The Elephant in the Room: Energy Intensity of the Canadian Economy

The decline in the energy intensity of the Canadian economy between 1995 and 2010 reduced annual greenhouse gas (GHG) emissions by nearly 200 Mt CO₂e – at least five times more than the impact of phasing out coal-fired power in Ontario, a measure that is often cited as the single largest GHG reduction measure in North America.  Clearly, there is an elephant in the room.

Figure 1. Image of the recently published paper “Torrie RD et al. 2016.  Understanding energy systems change in Canada: 1. Decomposition of total energy intensity.  Energy Economics 56: 101-106.”

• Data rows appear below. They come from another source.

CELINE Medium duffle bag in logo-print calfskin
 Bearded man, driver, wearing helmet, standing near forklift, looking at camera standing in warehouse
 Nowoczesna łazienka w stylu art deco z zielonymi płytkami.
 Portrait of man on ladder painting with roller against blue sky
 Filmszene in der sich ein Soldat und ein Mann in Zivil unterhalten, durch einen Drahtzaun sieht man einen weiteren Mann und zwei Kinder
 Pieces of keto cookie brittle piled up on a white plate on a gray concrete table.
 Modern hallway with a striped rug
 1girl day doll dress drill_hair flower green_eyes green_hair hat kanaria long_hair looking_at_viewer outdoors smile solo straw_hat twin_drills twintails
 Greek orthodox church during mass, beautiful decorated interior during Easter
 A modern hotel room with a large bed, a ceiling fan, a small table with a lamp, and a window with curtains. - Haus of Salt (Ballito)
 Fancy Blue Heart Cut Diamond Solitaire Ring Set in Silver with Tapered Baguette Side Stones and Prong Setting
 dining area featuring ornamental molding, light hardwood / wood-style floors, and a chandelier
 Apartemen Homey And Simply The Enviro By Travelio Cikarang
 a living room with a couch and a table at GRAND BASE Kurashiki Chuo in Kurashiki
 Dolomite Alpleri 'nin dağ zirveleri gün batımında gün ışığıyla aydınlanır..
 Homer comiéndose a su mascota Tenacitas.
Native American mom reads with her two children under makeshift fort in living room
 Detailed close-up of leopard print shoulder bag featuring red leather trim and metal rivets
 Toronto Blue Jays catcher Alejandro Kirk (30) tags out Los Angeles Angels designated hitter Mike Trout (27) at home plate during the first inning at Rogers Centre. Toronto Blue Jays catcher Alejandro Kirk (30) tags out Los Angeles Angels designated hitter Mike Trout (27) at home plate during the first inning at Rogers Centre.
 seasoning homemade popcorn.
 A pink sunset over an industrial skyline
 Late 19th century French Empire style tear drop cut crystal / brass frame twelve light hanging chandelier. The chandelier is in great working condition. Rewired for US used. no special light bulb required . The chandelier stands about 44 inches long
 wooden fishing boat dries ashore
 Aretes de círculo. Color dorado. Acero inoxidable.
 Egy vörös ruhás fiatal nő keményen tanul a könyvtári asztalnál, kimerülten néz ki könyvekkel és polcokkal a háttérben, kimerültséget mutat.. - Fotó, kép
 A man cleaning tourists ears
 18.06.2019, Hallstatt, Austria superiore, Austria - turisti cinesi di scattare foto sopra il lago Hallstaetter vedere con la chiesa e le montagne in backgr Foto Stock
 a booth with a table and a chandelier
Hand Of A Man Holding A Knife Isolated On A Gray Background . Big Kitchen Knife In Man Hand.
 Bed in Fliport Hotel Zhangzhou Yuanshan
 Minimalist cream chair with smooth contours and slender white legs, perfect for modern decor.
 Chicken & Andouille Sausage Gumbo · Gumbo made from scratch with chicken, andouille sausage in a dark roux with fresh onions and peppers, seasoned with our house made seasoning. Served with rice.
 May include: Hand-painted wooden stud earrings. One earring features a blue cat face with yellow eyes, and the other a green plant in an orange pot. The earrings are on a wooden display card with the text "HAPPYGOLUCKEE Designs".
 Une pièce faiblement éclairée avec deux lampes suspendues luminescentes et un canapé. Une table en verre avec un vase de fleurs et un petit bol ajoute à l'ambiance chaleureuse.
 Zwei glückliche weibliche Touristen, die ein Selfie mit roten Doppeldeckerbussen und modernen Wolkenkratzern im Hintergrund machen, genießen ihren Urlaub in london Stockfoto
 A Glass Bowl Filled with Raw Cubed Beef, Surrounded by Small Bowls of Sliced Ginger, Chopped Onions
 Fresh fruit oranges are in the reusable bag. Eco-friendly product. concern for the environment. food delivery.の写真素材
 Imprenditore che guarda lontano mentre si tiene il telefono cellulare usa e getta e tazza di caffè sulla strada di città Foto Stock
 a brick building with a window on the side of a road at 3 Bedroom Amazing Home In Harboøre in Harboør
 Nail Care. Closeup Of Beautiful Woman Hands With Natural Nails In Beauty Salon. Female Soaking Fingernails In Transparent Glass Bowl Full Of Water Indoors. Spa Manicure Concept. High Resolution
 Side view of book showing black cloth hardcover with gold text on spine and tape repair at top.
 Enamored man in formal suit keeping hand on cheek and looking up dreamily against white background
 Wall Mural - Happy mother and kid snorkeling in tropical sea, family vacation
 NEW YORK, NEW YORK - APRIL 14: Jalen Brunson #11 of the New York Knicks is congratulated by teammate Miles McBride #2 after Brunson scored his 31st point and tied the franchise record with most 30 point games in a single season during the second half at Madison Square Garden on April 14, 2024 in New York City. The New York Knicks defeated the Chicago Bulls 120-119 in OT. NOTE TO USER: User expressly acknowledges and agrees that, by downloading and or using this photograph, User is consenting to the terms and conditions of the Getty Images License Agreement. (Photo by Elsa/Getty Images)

Understanding the factors leading to this improvement in Energy Intensity (i.e. the primary energy use (E) per $US of gross domestic product (GDP)) should provide valuable insights for policy makers regarding those aspects of the Canadian economy that contribute to, or work against, efforts to reduce Canada’s GHG emissions and transform energy systems toward sustainability. This is the focus of a paper we have recently published in Energy Economics (Figure 1).

Changes in Canada’s Energy Intensity: 1995-2010

Figure 2. Changes in Kaya factors for energy-based emissions in Canada, 1981-2010 where CO₂e [Mg] = Population [capita] x GDP/Population [$/capita] x Energy use/GDP [GJ/$] x GHG/Energy use [MgCO₂e/GJ]. B shows the decoupling of GDP and energy growth after 1995, with the subsequent improvement in total energy intensity.

Between 1995 and 2010, the total energy intensity (E/GDP) of the Canadian economy declined by 23% or 2.64 megajoules per dollar (MJ/$, in 2000 dollars), from 11.24 MJ/$ to 8.60 MJ/S (Figure 2). 

In 2010, energy-related GHG emissions in Canada totalled 577 million tonnes of CO₂ equivalent (Mt CO₂e). But if the economy had still been operating with the energy intensity it had in 1995, emissions in 2010 would have been 767 Mt. And the trend continues: by 2013 the E/GDP ratio in Canada was down another 6% compared to 2010, effectively destroying another 30 million tonnes CO₂e of GHG emissions¹.

There can be little doubt that low-carbon futures will be those in which E/GDP continues to decline and improve.

What determines a nation’s E/GDP?

The amount of fuel and electricity that an economy uses to generate its output of goods and services, as measured by the E/GDP ratio, is a highly aggregate indicator and requires careful interpretation.  After all, E/GDP could be impacted by climate, per capita income, improvements in technological efficiency, the mix of goods and services being produced, transformative innovations, and other factors. 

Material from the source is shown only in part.